Very well said and I agree.I think David A. sang the songs that mainstream America wanted to hear and the songs it would take to win it all . David C. sang the songs that stayed true to his style. David A. wins American Idol but David C. sells more records.


----------



## Richard King (Mar 25, 2002)

Had to watch NCIS first so I am just watching it now and typing as the show goes on.... Skipping the comments from the judges.
Round one: DC did very well, but, I hate to say it, DA just blew the song away. I think it was his best performance of the season and was very surprised. Finally, he had some range in the voice. Round one to DA. 

Round two: DC Ok, but not great. Not wild about the song selection. DA another above average performance for him. I hate this, but round 2 to DA. 

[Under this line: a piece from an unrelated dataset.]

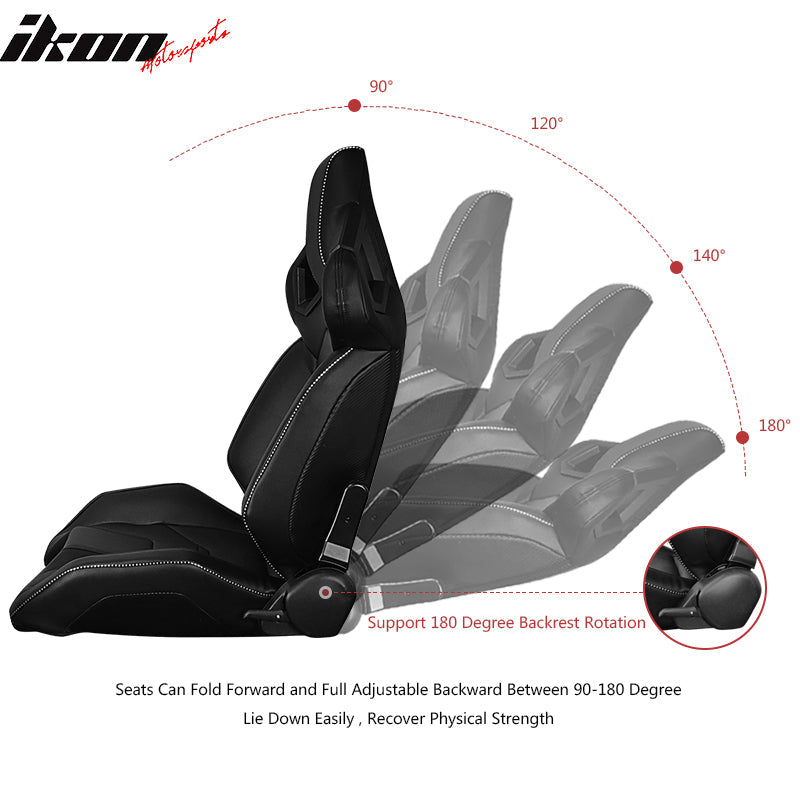 Universal Racing Seat Dual Slider PU Carbon Leather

Round 3: Well, DA again did the better performance.  
DA wins the title. 

Would I ever buy a record by him? No way. Is he talented, you bet. I much prefer the style of DC to DA and would buy a DC record. 

I notice that they made sure that no lyrics were going to be forgotten this week as there was a telepromter in the audience that appeared in the picture a couple of times.


----------



## davemayo (Nov 17, 2005)

cdc101 said:


> It comes down to this for me...
> 
> I Will buy a David Cook album.
> 
> ...


Couldn't have said it better myself. I feel exactly the same way.


----------



## davemayo (Nov 17, 2005)

Also, the audio was terrible once again. Ryan's mic was echoing all show and the contestants were drowned out by the band. What's the deal? :nono:


----------



## djzack67 (Sep 18, 2007)

Doug Brott said:


> Well, it's that time of year again .. Time when American Idol is done and we all move on with our lives again
> 
> This year, I'm going to make a prediction that cant' be beat .. David will win! Hopefully that doesn't spoil it for anyone .
> 
> ...


David A. i think has already won do to the producers. But really David C. has the talent.


----------



## Sixto (Nov 18, 2005)

cdc101 said:


> It comes down to this for me...
> 
> I Will buy a David Cook album.
> 
> ...


Same here.

Exactly the same feelings.

I feel bad for DC ... but just maybe he's got a shot.


----------



## richiephx (Jan 19, 2006)

They both are winners and both will have a bright future. They have different musical styles and genres. Based up tonight's performances, I have to give the edge to DA. I would not buy a CD from either of them because I don't buy CDs anymore. I have Sirius and I have more than enough variety and music to listen to. Would I listen to either artist on a channel that is playing their music, absolutely. It doesn't mean one is better than the other. They are both excellent in their genres.


----------



## machavez00 (Nov 2, 2006)

Dial Idol has DC 46.51 to DA 35.11 at this point


----------



## heathramos (Dec 19, 2005)

I thought DA's first song was the best song of the night

I actually didn't like DC's last song very much but applaud him for doing a new song.

DA played it safe and has a better chance of winning because of it

Would I buy a cd from either one? no but more likely with DC than DA


----------



## Doug Brott (Jul 12, 2006)

The better singer to me is David Cook .. top that with what was obviously a heart-felt performance by DC, he's got my vote.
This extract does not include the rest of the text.